Question

A concave mirror gives virtual, erect and enlarged image of the object but image of smaller size than the size of the object is
(A) At infinity
(B) Between F and C
(C) Between P and F
(D) At F

Answer 1

Hint: To answer this question we need to use the magnification formula. From there we can find the correct answer from the options.
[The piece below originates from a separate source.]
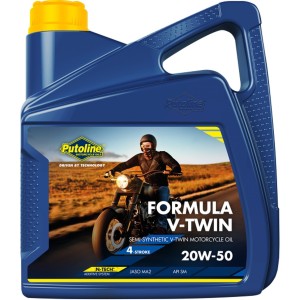 PUTOLINE OLEJ SILNIKOWY 4T FORMULA V-TWIN 20W50 4L - AKC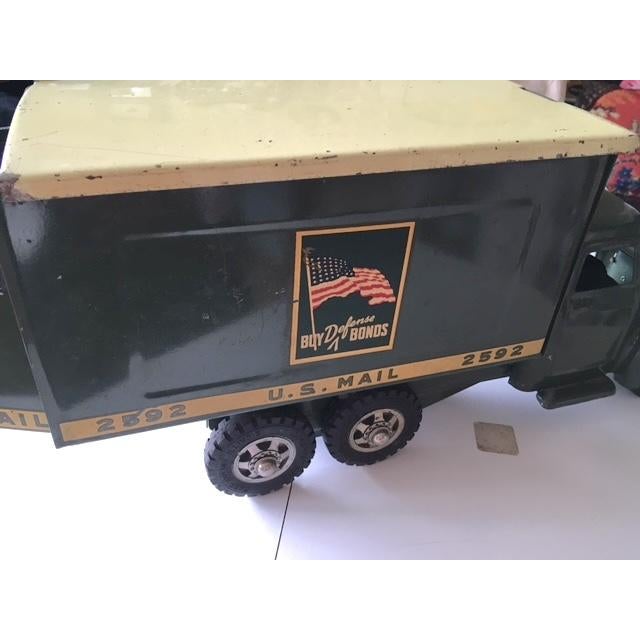 1940s Buddy L Metal World War II Us Bonds Toy Truck For Sale - Image 13 of 14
The formulae used to solve this question are given by
- ${\displaystyle \frac{1}{v}}+{\displaystyle \frac{1}{u}}={\displaystyle \frac{1}{f}}$
- $m=-{\displaystyle \frac{v}{u}}$ .

Complete Step-by-Step solution:
We know that the magnification produced by a mirror is given by
 $m=-{\displaystyle \frac{v}{u}}$ ......................(1)
Now, from the mirror formula we have
 ${\displaystyle \frac{1}{v}}+{\displaystyle \frac{1}{u}}={\displaystyle \frac{1}{f}}$
Multiplying with $-u$ on both the sides, we get
 ${\displaystyle \frac{-u}{v}}+{\displaystyle \frac{-u}{u}}={\displaystyle \frac{-u}{f}}$
 $\Rightarrow -{\displaystyle \frac{u}{v}}=1-{\displaystyle \frac{u}{f}}$
Taking LCM on the RHS, we have
 $-{\displaystyle \frac{u}{v}}={\displaystyle \frac{f-u}{f}}$
Taking the reciprocals of both the sides, we get
 $-{\displaystyle \frac{v}{u}}={\displaystyle \frac{f}{f-u}}$
From (1)
 $m={\displaystyle \frac{f}{f-u}}$ ......................(2)
Now, we know that according to the Cartesian sign convention, both the object distance and the focal length of a concave mirror are taken as negative. This means that we can write
 $f=-\left|f\right|$ ......................(3)
Also
 $u=-\left|u\right|$ ......................(4)
Putting (3) and (4) in (2) we get
 $m={\displaystyle \frac{-\left|f\right|}{-\left|f\right|+\left|u\right|}}$
Multiplying the numerator and the denominator by $-1$ we get
 $m={\displaystyle \frac{\left|f\right|}{\left|f\right|-\left|u\right|}}$
According to the question, the image formed is virtual, erect and enlarged. Since the virtual and erect, the magnification is positive. This means that
 ${\displaystyle \frac{\left|f\right|}{\left|f\right|-\left|u\right|}}>0$
 $\Rightarrow \left|f\right|>\left|u\right|$
Or
 $\left|u\right|<\left|f\right|$
So the object distance is less than the focal length of the mirror.
This means that the object must be kept between the pole and the focus of the concave mirror.
Hence, the correct answer is option (C).

Note:
We could also attempt this question by using the ray diagram for the concave mirror. The case considered in the above question is the special case of the concave mirror where it produces virtual images. But remember, mathematical analysis is always more reliable.